Bardzo istotne dla układu tabeli, wygrane przez „Portowców” potyczki, jak choćby z Wisłą Kraków czy Widzewem Łódź, których „reżyserem” był właśnie Edi, pozwalają podopiecznym Artura Skowronka spokojnie przygotowywać się do piłkarskiej wiosny.
„B” → Bełchatów - czerwona latarnia polskiej Ekstraklasy
Po ośmiu z rzędu sezonach spędzonych w polskiej Ekstraklasie, zdobyciu wicemistrzostwa Polski i grze w Pucharze UEFA, los klubu z Bełchatowa, który w 15 kolejkach zdobył zaledwie 6 punktów jest niemal przesądzony.
W rundzie jesiennej drużynę prowadziło aż trzech trenerów: Kamil Kiereś, Jan Złomańczuk i Michał Probierz. Ten ostatni wobec niedawnych decyzji władz klubu, które postanowiły wysprzedać co bardziej wartościowych zawodników, podał się do dymisji.
„C” → Cupiał Bogusław - najwierniejszy kibic w Polsce
Mimo wszelkich niepowodzeń „Białej Gwiazdy” w pierwszej połowie sezonu rozgrywek, jej główny sponsor, właściciel i co najważniejsze oddany kibic - Bogusław Cupiał zapowiada odbudowę potęgi krakowskiej Wisły.
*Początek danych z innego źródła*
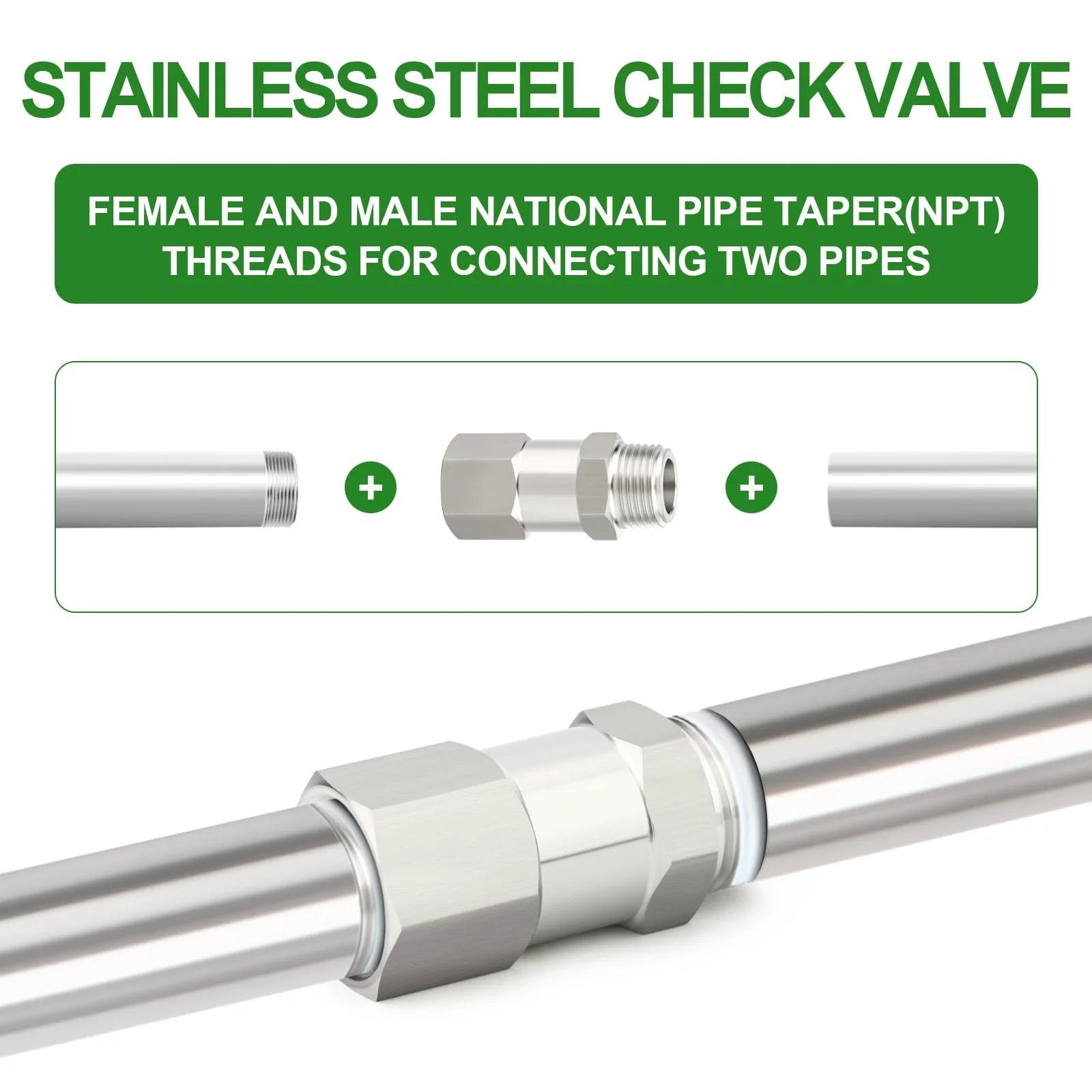 Diagram of 316L Stainless Steel Check Valve One Quarter Inch NPT Male To One Quarter Inch NPT Female Backflow Prevention One Way Non Return Valve For Industrial Piping Forged 316L Construction with connection points.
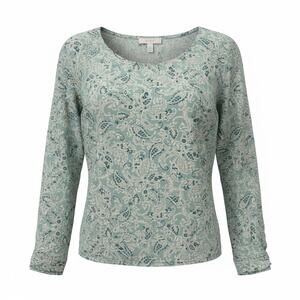 LOFT Mint Green Paisley Peplum Blouse Size S (Small 4/6) Long Sleeve Top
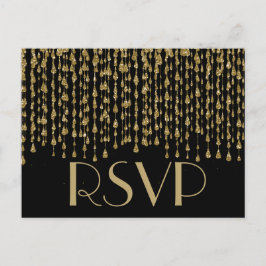 Cartão Postal De Convite RSVP | Fluxos de Confetti Dourados com Fundo Preto
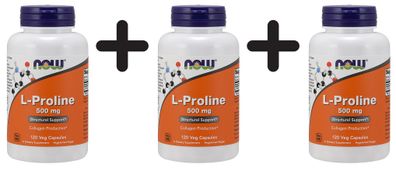 3 x L-Proline, 500mg - 120 vcaps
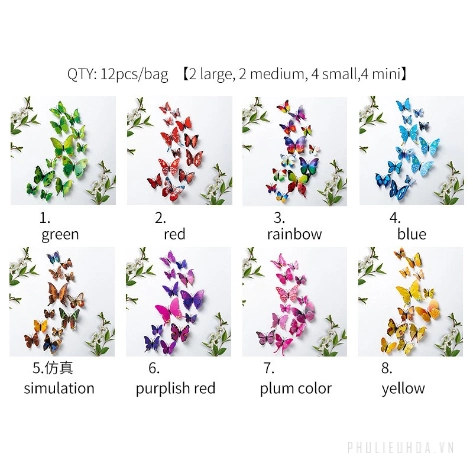 Set 2 túi 24 bướm nam châm trang trí bó hoa, cửa kính, giỏ quả, tủ lạnh ảnh 4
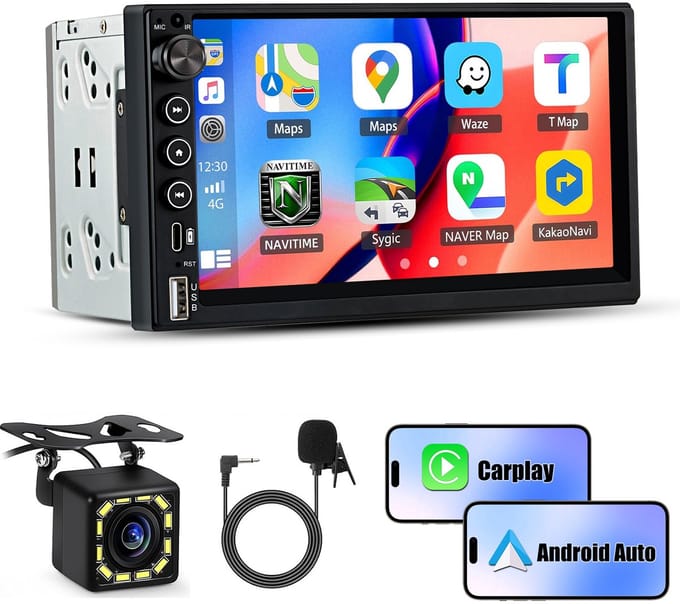 Hexinex - 2 DIN Carplay Autoradio - met 7 inch Display type C USB - achteruitrijcamera & Microfoon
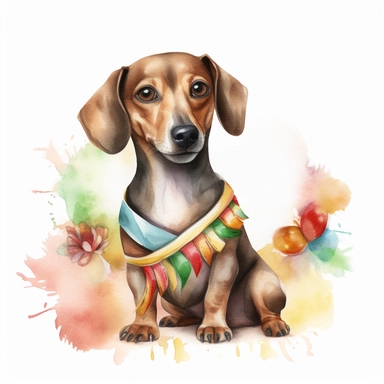 whimsical cute [Cinco de mayo, dachshund] , hyper-realistic watercolor illustration, 3d, 8k high definition, highly detailed, masterpiece, clip art, white background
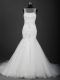 Beauteous White Sleeveless Brush Train Appliques Wedding Dresses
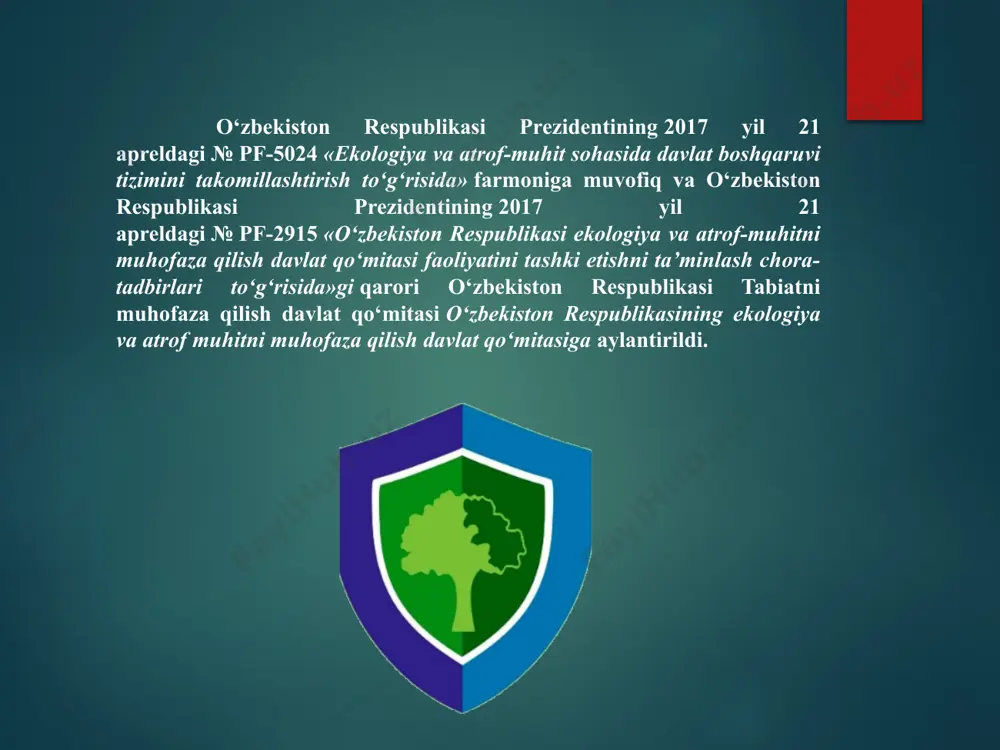 biatni muhofaza qilish tabiatni asrash insoniyatning eng muhim vazifasidir. insonning tabiiy muhitga ta’sirining hozirgi ko‘lami, insonning iqtisodiy faoliyati ko‘lamining zamonaviy landshaftlarning uning salbiy oqibatlarini o‘zlashtirish qobiliyatiga mutanosibligi. tabiiy muhit rivojlanishidagi inqirozlar, zamonaviy inqirozli ekologik vaziyatning global tabiati. tushunchalarning ta'rifi: tabiiy muhit, geografik muhit, tabiatni muhofaza qilish (terminning tor va keng tushunchasi). aspektlar ekologik muammolar ekologik manba genetika evolyutsion iqtisodiy ijtimoiy hurmatli prezidentimiz sh.m.mirziyoyev “dunyo miqyosida sanoat yuqori darajada rivojlangan xxi asrda ekologiya bilan bog‘liq muammolar birinchi darajali muammo sifatida kun tartibiga chiqmoqda. avlodlarimiz bizdan keyin ham munosib tabiiy muhitda yashashi kerak. buning uchun biz tabiatga e’tibor berishimiz, faqat bugunni emas, yaqin va uzoq kelajakni o‘ylab ish tutishimiz zarur,” –deb bejizga ta’kidlamaganlar bizning yer sayyoramiz koinotning kichik bir qismidir, ammo hozir u biz yashashimiz mumkin bo‘lgan yagona joy. davlat ekologik siyosatining asoslari o‘zbekiston respublikasi konstitutsiyasining 68-moddasida o‘z aksini topgan. unga ko‘ra, yer, yer osti boyliklari, suv, o‘simlik va hayvonot dunyosi hamda …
- Kochałem Wisłę, kiedy byłem jej kibicem i kocham dzisiaj, bo to jest mój klub. Jestem człowiekiem odpowiedzialnym i nie ma mowy, abym nagle wycofał się z klubu. Jeżeli to kiedyś nastąpi, nie zostawię klubu bez alternatywnej koncepcji funkcjonowania - mówił Cupiał w "Przeglądzie Sportowym".
„D” → Damian Zbozień, czyli muzykalny piłkarz z charakterem
Piłkarz, który nie ukrywa swojej miłości do gry na gitarze i śpiewania piosenek „The Beatles” w meczu 8. kolejki z Widzewem Łódź doznał fatalnej kontuzji głowy. Mimo pękniętej czaszki i prognoz lekarzy, które wykluczały Damiana Zbozienia z gry w piłkę w najbliższych kilku miesiącach, niezwykle ambitny piłkarz Piasta Gliwice na boisko wrócił już trzy kolejki po odniesieniu urazu.
Kupiony przez zawodnika na własny koszt specjalny kask, ochraniający głowę, okazał się dla niego szczęśliwym. Strzelona bramka i wygrane spotkanie z mistrzowskim Śląskiem Wrocław, na gorącym terenie w stolicy Dolnego Śląska to powrót, który spokojnie można nazwać wielkim „comebackiem”.
„E” → Euzebiusz Smolarek, nadzieja Jagiellonii „na wiosnę”
Do Białegostoku przyszedłem grać w piłkę. Jak najlepiej. Jestem w trakcie swojej kariery. Niczego nie kończę - mówił Smolarek w rozmowie z Cezarym Kowalskim dla "Polski The Times". „Ebi” początkowo po przybyciu do Białegostoku z nieudanych holenderskich wojaży, nie rozpieszczał kibiców swoją grą. Jednak ostanie spotkania w wykonaniu Smolarka, w szczególności te na boiskach rywali ze Śląskiem Wrocław i Ruchem Chorzów pozawalają wierzyć fanom „Jagi”, że piłkarska wiosna będzie należała do syna legendy polskiego futbolu, zmarłego w tym roku, Włodzimierza Smolarka.
„F” → Fernando Cuerda, czyli słynne „hiszpańskie przedawkowanie witamin” w ujęciu Kazimierza Węgrzyna
W meczu 13. kolejki T–mobile Ekstraklasy pomiędzy Koroną Kielce, a Piastem Gliwice oprócz efektownej gry i zwycięstwa „Scyzorów” (4:0), Hiszpan Cuerda dał się zapamiętać ze względu na swoje zbyt agresywne zachowanie na boisku. Trener Piasta, Marcin Brosz, chcąc uchronić zespół przed grą w osłabieniu, zmienił nadzwyczaj pobudzonego zawodnika już w 40. minucie. Postawa Cuerdy została szczególnie zauważona przez ekspertów stacji Canal +.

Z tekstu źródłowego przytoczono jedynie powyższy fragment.